The broker can no longer process the request, but the underlying TCP connection is not broken. After timeout, the broker returns, but the client does not close the TCP connection with the failed nameserver, and nameserver switchover is not triggered. After the host restarts successfully, the TCP connection is disconnected. After the restart, the faulty host detects the change of routing information and recovers the fault.

Root cause: The routing information cannot be updated due to the fake death of nameserver.

3. Best practices

After the above failures, I think nameserver should not be deployed with the broker. If Nameserver and the broker are not deployed together, the above problems can be effectively avoided. The deployment architecture is shown in the following figure:

Can such a deployment architecture be effectively avoided if the above scenario, in which the Broker is suspended in animation, occurs? The answer is yes.

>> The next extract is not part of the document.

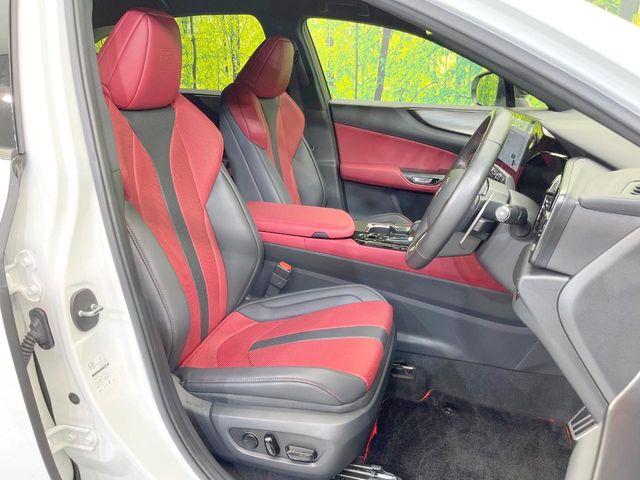Lexus NX 8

If the broker at 192.168.3.100 faked death, then both 3.110 and 3.111 nameserver could sense that broker-A was down within 2 minutes, and the client could get the latest routing information from nameserver. So that messages will not continue to be sent to the down Broker when the message is sent, and fault recovery;

If the Nameserver faked death and a timeout error occurred, it would work as long as the broker did not go down, but if the Nanmeserver and the broker faked death together, the above architecture would not be able to avoid the above problem.

Therefore, the best practices include the following two actions: 1. Nameserver and Broker must be deployed separately and isolated. 2. The connection between nameserver and the client should be closed after timeout, triggering nameserver drift, and the source code needs to be modified.